In some implementations, semiconductor device 120A-120N may include one-time programmable (OTP) memory. The OTP memory may be a type of digital memory implemented in circuitry or silicon of semiconductor device 120A-120N that may be programmed and cannot be changed after being programmed. For example, security context data and/or data assets may be programmed onto the OTP memory and the data cannot be changed in the OTP memory after the programming. The OTP memory may be a type of digital memory where the setting of each bit of the OTP memory is locked by a fuse (e.g., an electrical fuse associated with a low resistance and designed to be permanently break an electrically conductive path after the programming or setting of a corresponding bit) or an antifuse (e.g., an electrical component associated with an initial high resistance and designed to permanently create an electrically conductive path after the programming or setting of a corresponding bit). As an example, each bit of the OTP memory may start with an initial value of ‘0’ and may be programmed or set to a later value of ‘1’ (or vice versa). Thus, in order to program or set a device specific key or a unique device identification (ID) with a value of ‘10001’ into the OTP memory, two bits of the OTP memory may be programmed from the initial value of ‘0’ to the later value of ‘1.’ Once the two bits of the OTP memory have been programmed to the later value of ‘1’, then the two bits may not be programmed back to the value of ‘0.’ As such, the bits of the OTP memory may be programmed once and may not be changed once programmed.

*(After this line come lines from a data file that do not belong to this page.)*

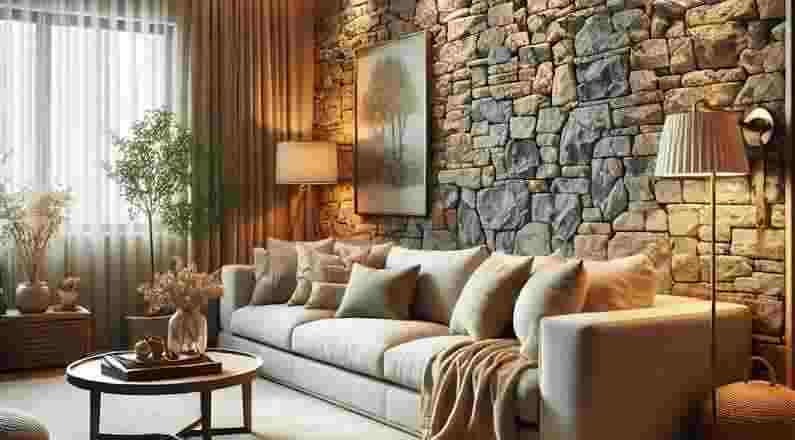 Muro Escultural com Pedras Naturais: Elegância Rústica - ideia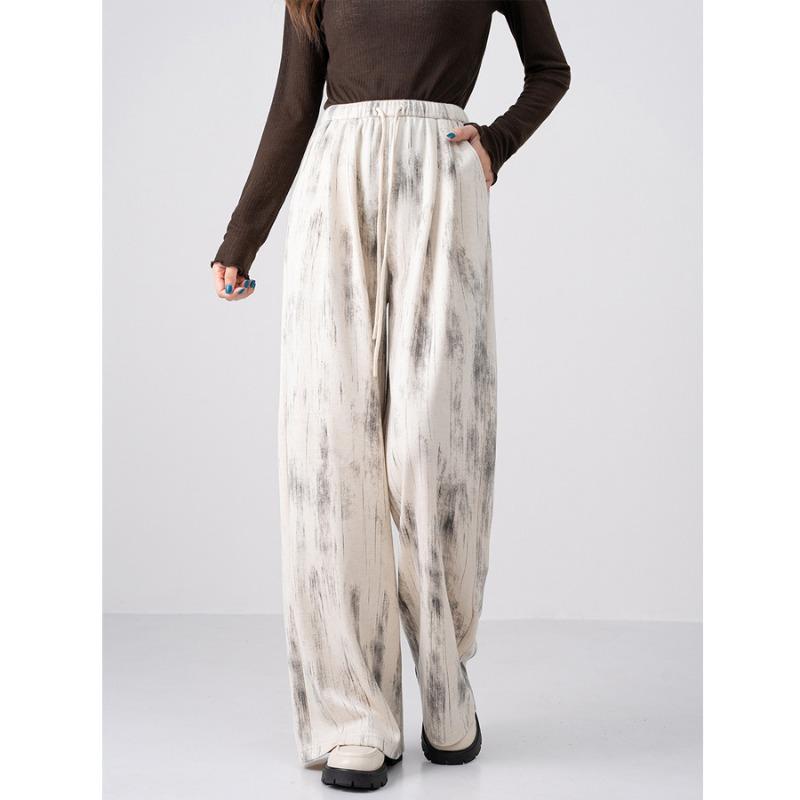Autumn and Winter Antelope Cashmere Printed Loose Wide-leg Pants Women's New Straight Tie-dye Casual Sports Floor-mopping Trousers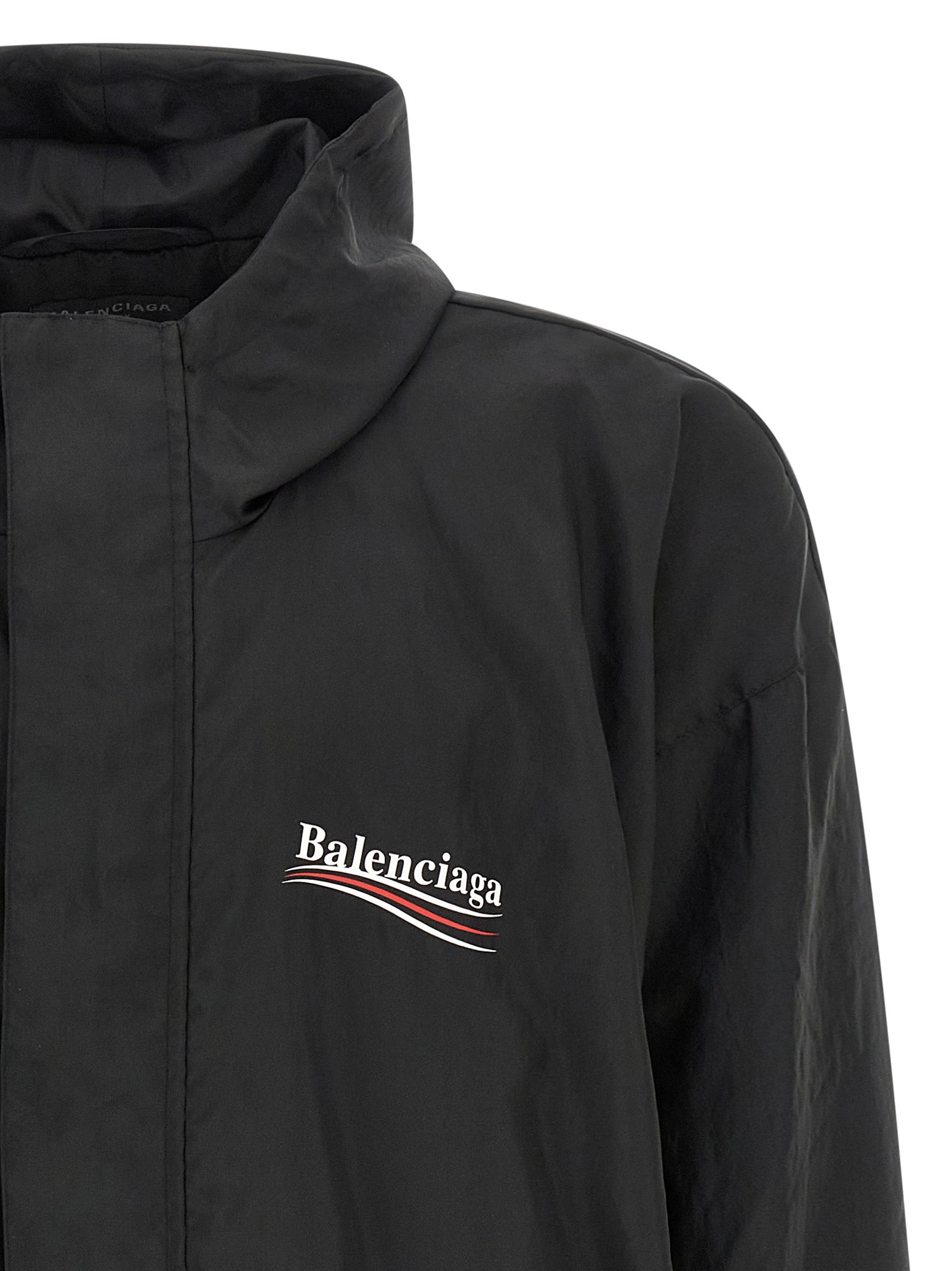 Political Campaign anorak Black Polyester Down Jacket, Parka, Casual Jackets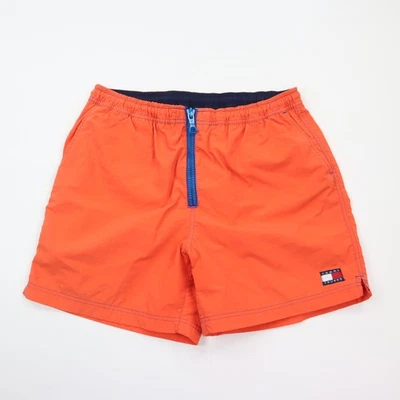 Vintage 90s Tommy Hilfiger Swim Shorts Trunks Medium Orange Exposed Zipper Lined - Image 1 of 4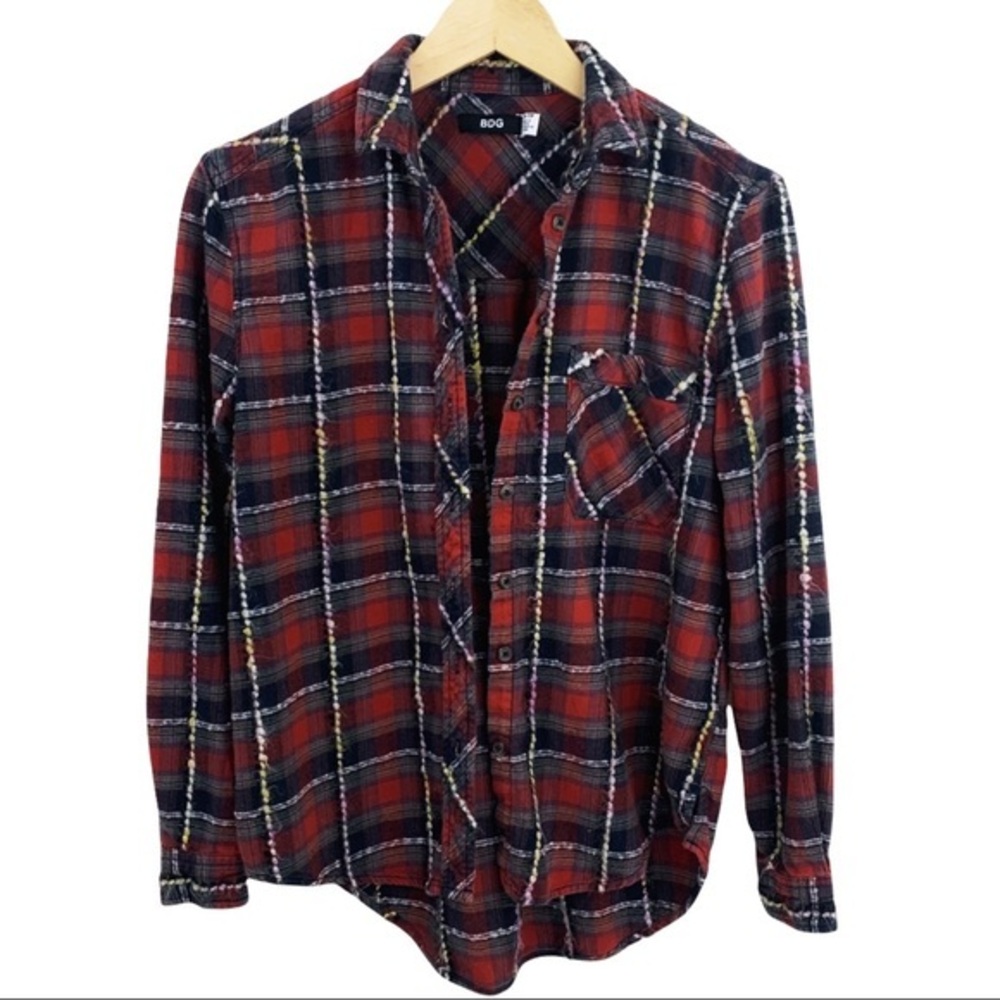 Urban Outfitters BDG Red Flannel Button Up Shirt Women’s Size Medium
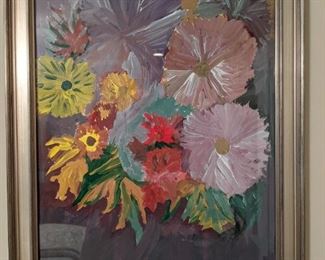 LOVE this nicely framed original, artist-signed floral pastel, by family friend, Papa Roy, dated 1974.
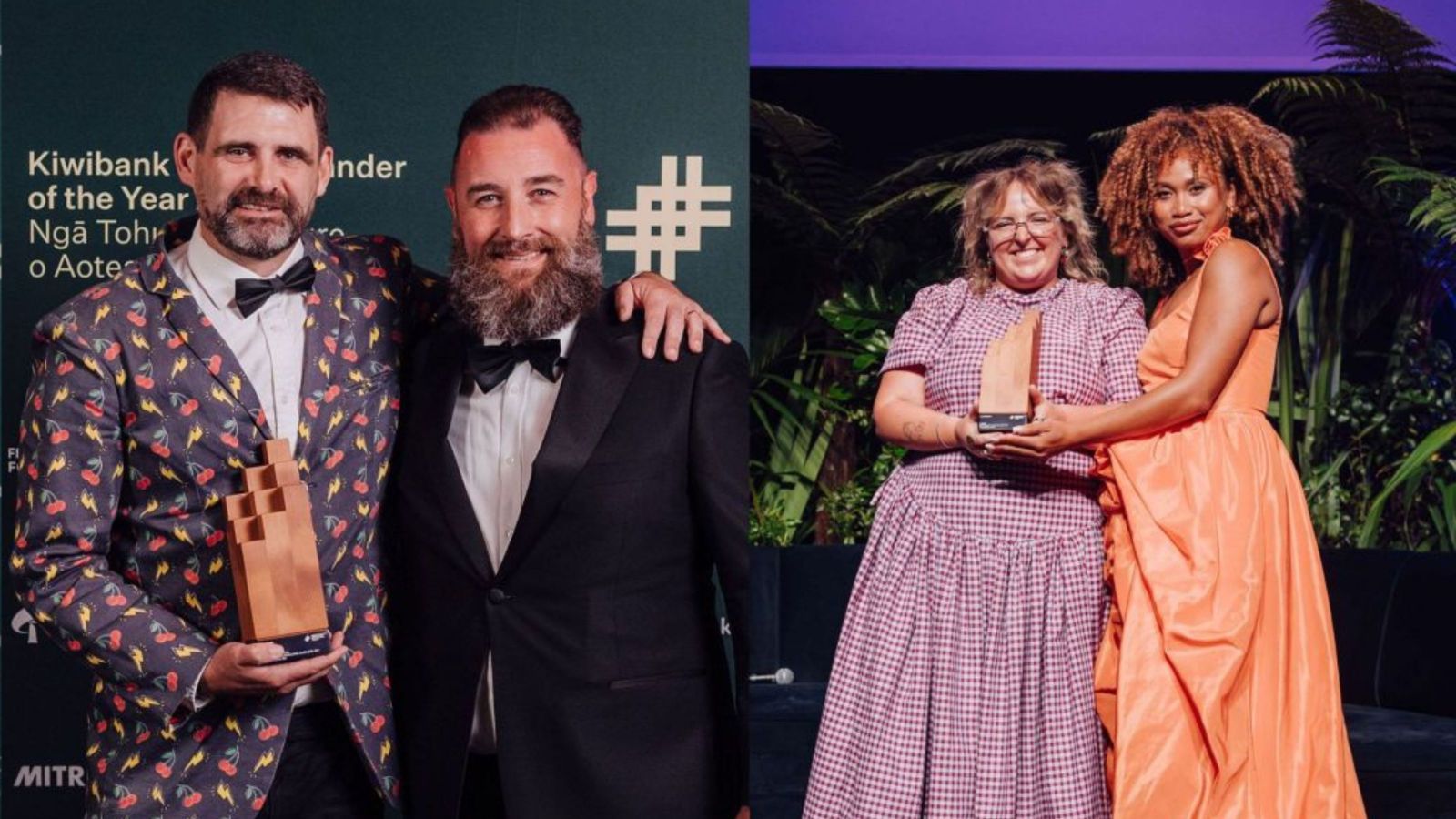 Two photos with two people in them each, one of them holding a wooden award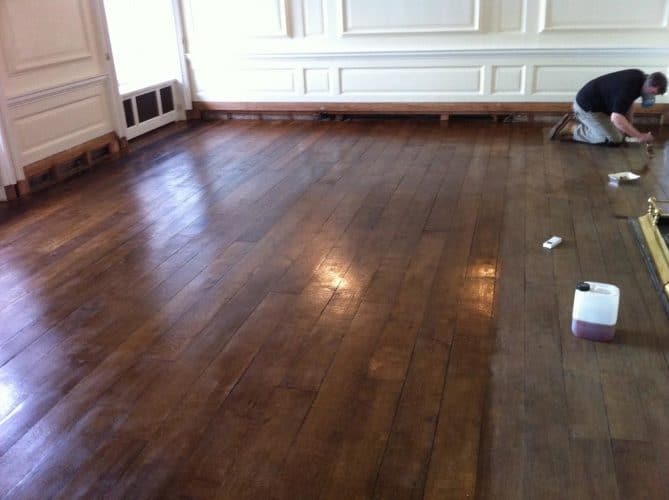 Oak flooring restoration and conservation - partially complete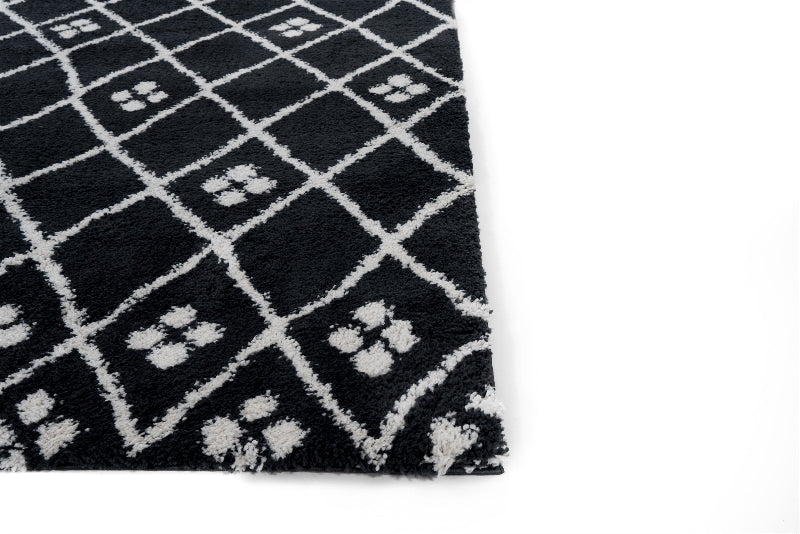 Close-up of a black and white patterned rug on a white background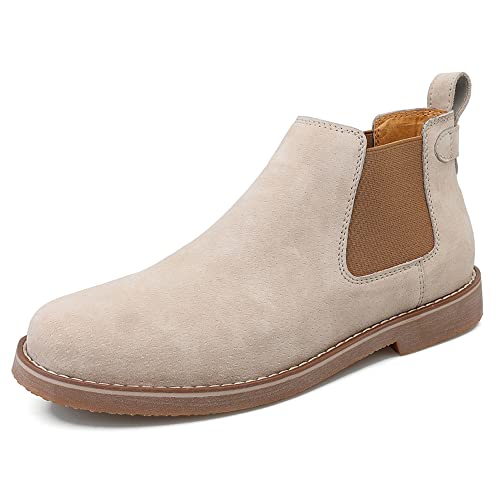 Adoff Herren Chelsea Boots Wildleder Stiefel Stiefeletten (39,Beige) von Adoff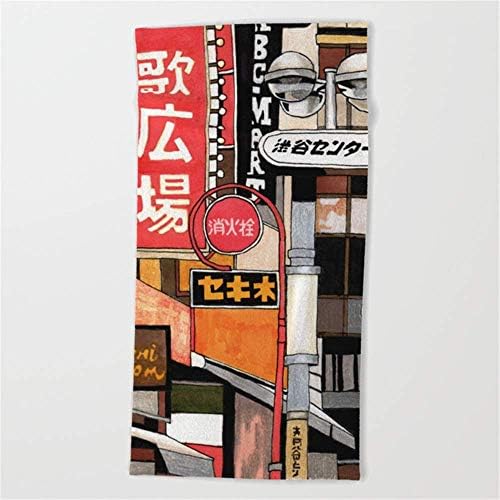 ewtretr Tokyo Street Signs Beach Towel 31.5"x51.2" Lightweight Absorbent Quick Dry For Swim Beach Yoga Camping
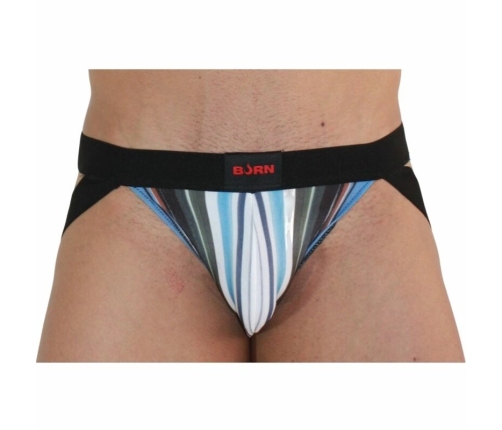 BURN Jock Multicolor/Black L - Premium Athletic Supporter with Modern Design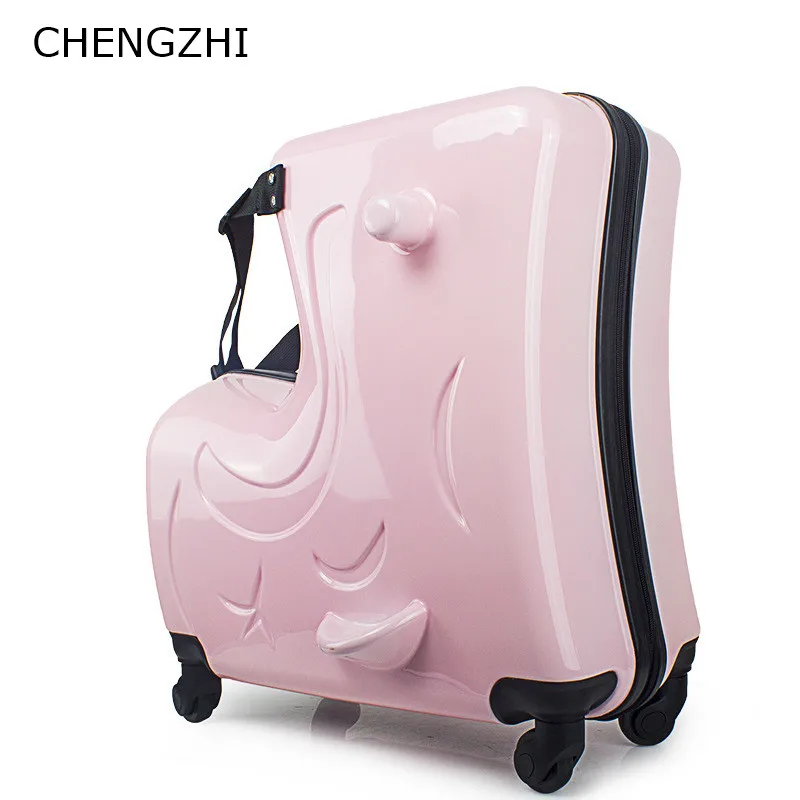 CHENGZHI 20&quot24&quotInch Slide Suitcase Wheels High Quality Children Rolling Luggage Spinner kids travel Bags Can sit | Багаж и сумки
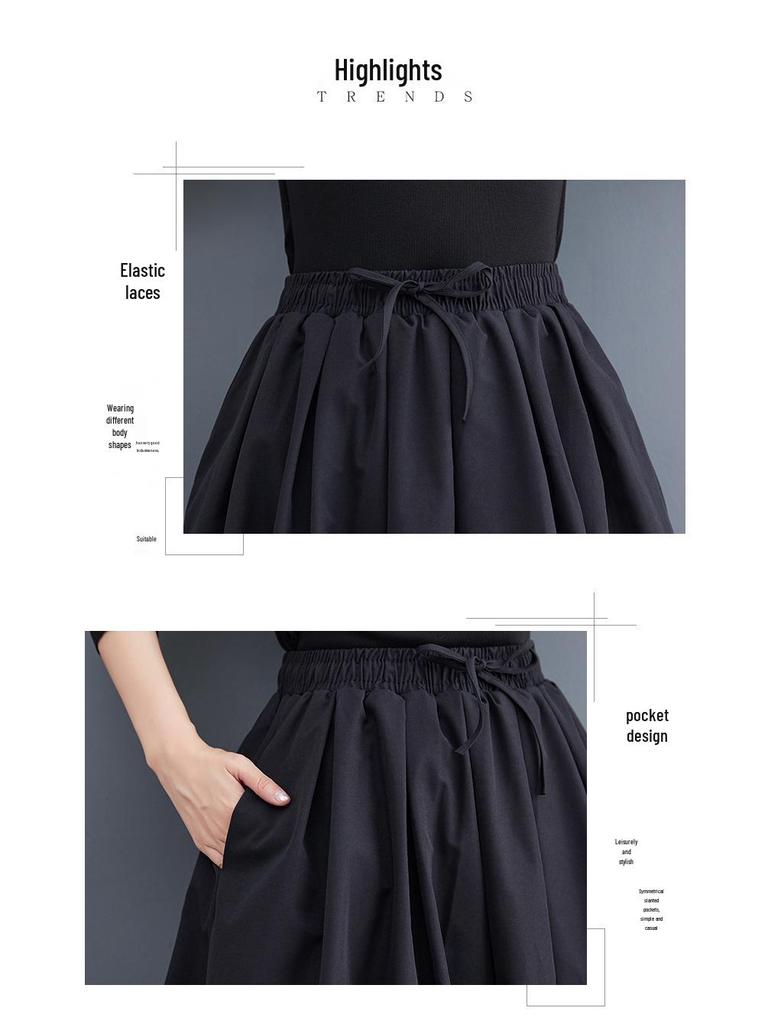2024 Spring High Waist Slimming Elastic Tie Lantern Midi Skirt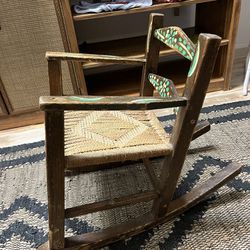 Kids Sized Children’s Rocking Chair Cane Bamboo Wood 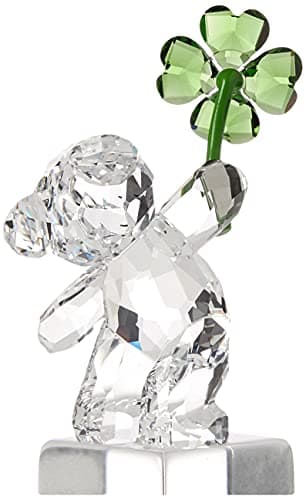 SWAROVSKI Clear Lucky Charm Figurine for Girls and Women, Kris Bears Collection with Green Four-Leaf Clover Accented Cle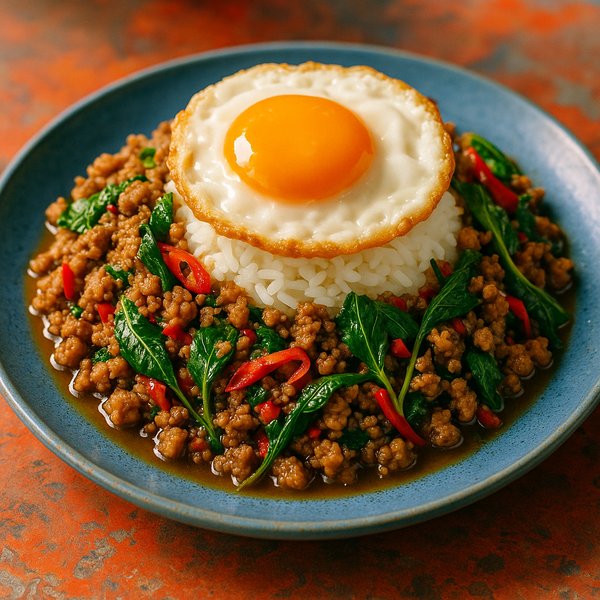 Pad Krapao (Thai Basil Pork) with Fried Egg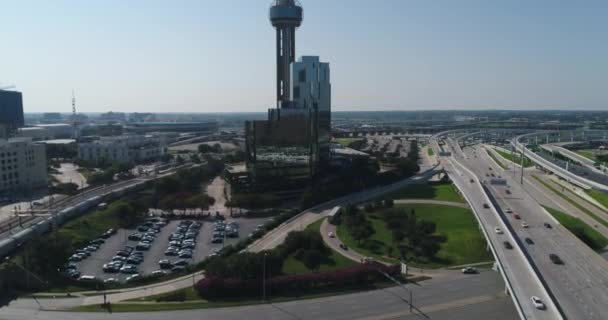 Aerial Reunion Tower Highways Dallas Texas — Wideo stockowe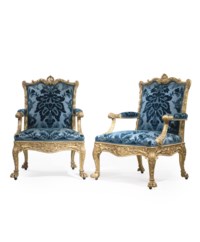 A PAIR OF GEORGE III GILTWOOD ARMCHAIRS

FIG. 2 depicts a flow diagram of an example method 200 for collecting and providing secure device data to provisioning entities, in accordance with some implementations of the disclosure. The individual functions, routines, subroutines, or operations of method 200 may be performed by a processing device, having one or more processing units (CPU) and memory devices communicatively coupled to the CPU(s). In some implementations, method 200 may be performed by a single processing thread or alternatively by two or more processing threads, each thread executing one or more individual functions, routines, subroutines, or operations of the method. Method 200 as described below may be performed by processing logic that may include hardware (e.g., processing device, circuitry, dedicated logic, programmable logic, microcode, hardware of a device, integrated circuit, etc.), software (e.g., instructions run or executed on a processing device), or a combination thereof. In some implementations, method 200 may be performed by host server 142 as described in FIG. 1. Although shown in a particular sequence or order, unless otherwise specified, the order of the operations may be modified. Thus, the illustrated implementations should be understood only as examples, and the illustrated operations may be performed in a different order, while some operations may be performed in parallel. Additionally, one or more operations may be omitted in some implementations. Thus, not all illustrated operations are required in every implementation, and other process flows are possible. In some implementations, the same, different, fewer, or greater operations may be performed. It is noted that elements of FIG. 1 may be used herein to help describe FIG. 2.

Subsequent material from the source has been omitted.